<h1>Table of Contents<span class="tocSkip"></span></h1>
<div class="toc"><ul class="toc-item"><li><span><a href="#Hard-Drive-Back-Upper" data-toc-modified-id="Hard-Drive-Back-Upper-1">Hard Drive Back Upper</a></span></li></ul></div>

# Hard Drive Back Upper
The purpose of this notebook is to develop the code that copies all new files in a source directory to a target directory.

Rules for conflicts:
+ If the **same** file exists in both the source and destination don't copy. Here the same means
    + Same full file path
+ If the file exists on the source but not the destination copy it across
+ If the file exists on the destination but not the source, leave it on the destination

The current implementation will ignore empty folders.

In [11]:
import os
from shutil import copyfile
from time import gmtime, strftime

def log_print(message):
    print('[%s]: %s'%(strftime("%Y-%m-%d %H:%M:%S", gmtime()), message))
    
def files_in_dir(root_dir):
    file_set = set()

    for dir_, _, files in os.walk(root_dir):
        for file_name in files:
            rel_dir = os.path.relpath(dir_, root_dir)
            rel_file = os.path.join(rel_dir, file_name)
            file_set.add(rel_file)
    return file_set

In [12]:
base_dir = '/Users/louwrenslabuschagne/Documents/gitProjects/hard-drive-back-upper/'
src_drive = base_dir+'tests/my_src_mnt/'
dst_drive = base_dir+'tests/my_dst_mnt/'

In [22]:
src_files = files_in_dir(src_drive)
#macOS creates DS_Store files for each folder, this just removes them from our source files to copy
src_files = set([file for file in src_files if 'DS_Store' not in file])
src_files

{'./newFile.txt',
 './newnewFile.t',
 'folder_1/aFile1.txt',
 'folder_1/aFile2.txt',
 'folder_1/sub_folder_1/aFile1.txt',
 'folder_2/aFile1.txt',
 'newFolder/more.txt',
 'newFolder/newFile2.txt'}

In [23]:
dst_files = files_in_dir(dst_drive)
dst_files = set([file for file in dst_files if 'DS_Store' not in file])
dst_files

{'./asdf',
 './newFile.txt',
 './newnewFile.t',
 'folder_1/aFile1.txt',
 'folder_1/aFile2.txt',
 'folder_1/sub_folder_1/aFile1.txt',
 'folder_2/aFile1.txt',
 'newFolder/more.txt',
 'newFolder/newFile2.txt'}

In [25]:
files_that_are_on_the_src_and_not_on_the_dst = [file for file in src_files if file not in dst_files]
files_that_are_on_the_src_and_not_on_the_dst 

[]

In [15]:
log_print('Start')
# The ^ operator is used on sets in Python and gives the difference in elements in 2 sets
# in other words, files that we've not coppied
files_that_are_on_the_src_and_not_on_the_dst = src_files ^ dst_files
log_print('Found %d new files to copy'%len(files_that_are_on_the_src_and_not_on_the_dst))

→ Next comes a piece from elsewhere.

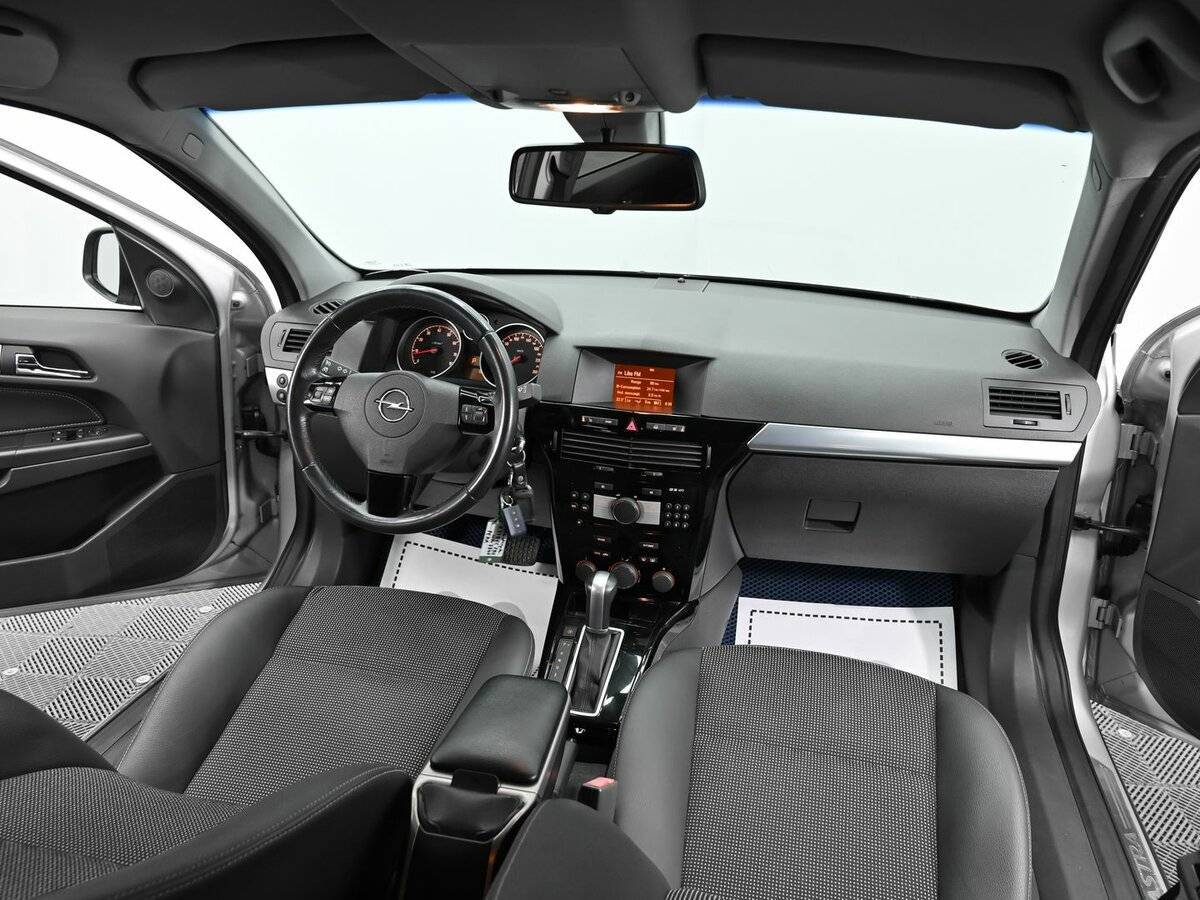 Opel Astra с пробегом — 2012 год. Фото: #10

#if there are new files to copy
if len(files_that_are_on_the_src_and_not_on_the_dst) != 0:
    log_print('New files files to be copied %s'%str(files_that_are_on_the_src_and_not_on_the_dst))
    log_print('Copying started')
    for file in files_that_are_on_the_src_and_not_on_the_dst:
        #get the full file path of the source and destination files
        dst_file = dst_drive+file 
        src_file = src_drive+file

        #but if the folders don't exists, we first need to create them
        #this gets the destination folder for file
        dst_folder = dst_file.rsplit('/', maxsplit=1)[0]

        #check if the destination folder exists, if not create it
        if not os.path.exists(dst_folder):
            os.makedirs(dst_folder)
            log_print('Created folder %s'%('dst:/'+dst_folder.replace(dst_drive, '')))

        copyfile(src_file, dst_file)
        log_print('Coppied %s --> %s'%('src:/'+file, 'dst:/'+file))
    log_print('Copying Complete')
log_print('End')

[2019-04-17 15:15:39]: Start
[2019-04-17 15:15:39]: Found 0 new files to copy
[2019-04-17 15:15:39]: End


In [21]:
if bool('a') & bool('a'):
    print('hallo')

hallo